Programmers and tin-foil hat wearers aren’t the only ones who have to worry about how our information is used (and used against us) online. If we use the internet, we’re at risk of having our personal information exploited somehow. And chances are, some of our personal data has already been breached or exposed.

To this end, we all need to be aware of and fully informed on what digital privacy and online security are, how they differ, and how we can use this knowledge to better protect our digital selves.

Digital privacy vs online security?

I like to consider digital privacy and online security as related and two steps in the same process. What I mean is this: digital privacy is protecting personal info before it’s known. Whereas online security is making sure that when our personal info needs to be known, it’s done as safely as possible.

  • Digital privacy protects our personal information and data so that it’s not unnecessarily exposed.
  • Online security protects and secures our personal information and data when it needs to be exposed.

An example of this is our own Fathom Analytics website, which you are reading right now. Your digital privacy is protected because we use our own product for website analytics and, therefore, de-identify all website visitors’ personal information.
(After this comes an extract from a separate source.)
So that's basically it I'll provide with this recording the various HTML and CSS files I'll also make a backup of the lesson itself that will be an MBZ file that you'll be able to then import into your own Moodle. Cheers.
So no personal information of any website visitor is exposed, sold, or targeted with ads across other websites. This is because we don’t need to know who each visitor individually is when they browse our website.

And now, here’s the difference: when a visitor becomes a customer (yay!), we do actually need some personal information to provide them with service (since our business model is selling software, not selling data). Therefore we need a name, address and credit card details. We need this information to create secure accounts for our customers, to be able to comply with tax laws and to combat fraud. But mostly we need that information to create a secure account that you and only you can log into.
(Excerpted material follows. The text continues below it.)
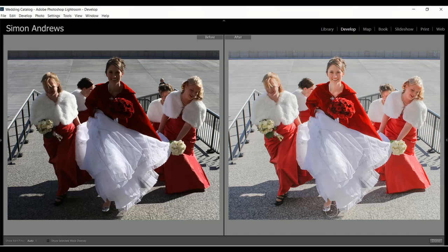I'd be happy to talk to you about how to edit these images. If you want to give me a call, my number is 719-502-9045. My name is Simon Andrews and I'm the owner of Colorado Photography School, located at 14 East Bijou Street in downtown Colorado Springs. Thanks very much for watching, and if you need any help with editing at all, please get in touch.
Online security (in the example above) means we protect the personal information we need of our customers. We have two-factor authentication for accounts, which we advise all our customers to use, and we take all security steps we can to protect that personal information.

Digital privacy, in that example, is protected because your personal data is de-identified in our analytics and not exploited when browsing this website. There are no other trackers or cookies or anything invasive in use on this website. We even route EU visitor data through EU servers (our EU isolation method).

How digital privacy and online security can be compromised

While these two things overlap very often, it’s important to grasp how they differ when they are compromised:

  1. Your privacy and security are maintained. Great! Your information is not obtained without your consent and without good reason, and when it is, it’s guarded safely.
  2. Your privacy is digitally compromised, but your security is maintained. A tracker follows you around the internet, creating a profile about you based on your browsing habits, and then sells that data to a marketing company. There were no hacks or breaches (and no one gained access to any of your accounts), but this is still horribly invasive.
  3. Both your privacy and your security are digitally compromised. Yikes. This means someone gained unauthorized access to your personal, private information and has exploited it. The most common example is that you are the victim of a data breach, where a hacker gets your name, email, password, and possibly other personal details for software that wasn’t secured properly. That information is then sold on the dark web or posted online for anyone to download and use.

So security is possible without privacy, but privacy is not possible without security. We could post personal information on social media, which has secure accounts, but posting that information isn’t doing much for our digital privacy (and we’ve compromised our privacy willingly in this case). That information would be freely available without anyone hacking our accounts.

How to protect both your privacy and security

Digital privacy means protecting information and data that we could knowingly or unknowingly be sharing online. Online security means making sure that if/when our information or data needs to be known, that it’s done so in as safe a way as possible.

Let’s look at ways to mitigate both areas and stay as safe as possible when using the internet.

  1. Limit what we knowingly share online. That means considering one main thing before we post on social media, message boards, blogs, or anything on the web: “How can someone else use this information against me or to exploit me?”
  2. Protect your devices and their data. Always use strong and unique passwords/PINs for them, and never insecurely connect to networks.
  3. Use privacy-focused services, like DuckDuckGo for searches, Fastmail for email or any other software that considers digital privacy.
  4. Use a password manager, unique email addresses and 2FA. This means every service you use online that has a username and password for your account should be 100% unique, the password should be strong, and you should enable non-SMS (2FA) two-factor authentication.
  5. Use a VPN to hide your browsing habits from your ISP, insecure wifi networks, and to obfuscate your location from websites that don’t use privacy-focused analytics tools.
  6. Check data breach websites (or your password manager) to see if your security has been compromised and update your passwords if that happens. Or rather, when that happens.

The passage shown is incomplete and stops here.